True, but it's important to note that if all the transistors in a modern CPU
switched on at once, it would quickly overheat. This is the "power wall" \--
we can squish more transistors in one die than we can actually turn on at one
time due to electrical and thermal constraints.

> far, far more transistors in RAM than in the CPUs, overall

Also true, and this is an active area of research. Many people have tried
various approaches to performing computations using DDR and other memory
technologies. In the past, people were trying to trying to use DDR to run
automata. These days there seems to be a lot of focus on processor-in-memory
technologies; it turns out memristors can actually be used for computation,
effectively turning the entire memory array into a hugely wide SIMD RISC
processor. Here is some recent work presented on this subject:

Real Processing-in-Memory with Memristive Memory Processing Unit (mMPU) -
[https://ieeexplore.ieee.org/document/8825114](https://ieeexplore.ieee.org/document/8825114)

PPAC: A Versatile In-Memory Accelerator for Matrix-Vector-Product-Like
Operations -
[https://ieeexplore.ieee.org/document/8825013](https://ieeexplore.ieee.org/document/8825013)

Parallel Stateful Logic in RRAM: Theoretical Analysis and Arithmetic Design -
[https://ieeexplore.ieee.org/document/8825150](https://ieeexplore.ieee.org/document/8825150)

> there's still a lot of room to grow, speed wise.

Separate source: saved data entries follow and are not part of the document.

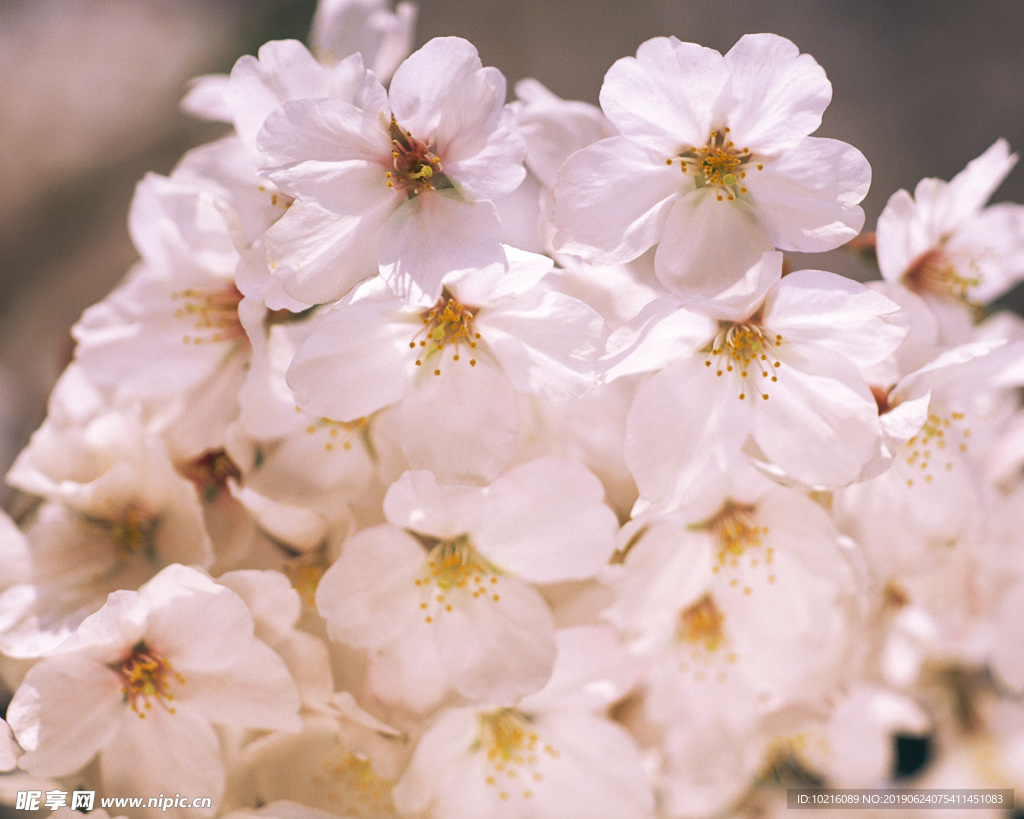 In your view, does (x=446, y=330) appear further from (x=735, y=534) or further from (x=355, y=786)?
(x=355, y=786)

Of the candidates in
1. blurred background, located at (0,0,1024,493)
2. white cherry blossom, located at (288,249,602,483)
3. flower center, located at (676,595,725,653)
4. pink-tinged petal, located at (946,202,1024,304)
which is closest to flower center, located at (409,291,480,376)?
white cherry blossom, located at (288,249,602,483)

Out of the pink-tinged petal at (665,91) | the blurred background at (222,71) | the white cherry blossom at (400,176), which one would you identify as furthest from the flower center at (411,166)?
the blurred background at (222,71)

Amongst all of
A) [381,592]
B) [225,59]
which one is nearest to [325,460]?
[381,592]

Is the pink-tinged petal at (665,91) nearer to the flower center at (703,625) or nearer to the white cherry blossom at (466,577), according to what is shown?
the white cherry blossom at (466,577)

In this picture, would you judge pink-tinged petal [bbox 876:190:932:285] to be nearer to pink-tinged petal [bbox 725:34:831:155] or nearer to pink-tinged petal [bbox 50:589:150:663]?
pink-tinged petal [bbox 725:34:831:155]

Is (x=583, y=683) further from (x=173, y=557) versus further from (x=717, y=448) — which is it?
(x=173, y=557)

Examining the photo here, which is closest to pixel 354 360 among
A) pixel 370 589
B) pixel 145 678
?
pixel 370 589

Yes and no. Single-threaded performance is close to tapping out. Production
processes can only shrink so far before physics starts getting in the way.
Pipelines and speculation can only get so deep (and broaden surface area for
security vulnerabilities). Performance growth for massively parallel workloads
is continuing along at a healthy clip, and will probably continue to do so for
quite some time. Of course the trouble is that end-user desktop software is
generally not massively parallel.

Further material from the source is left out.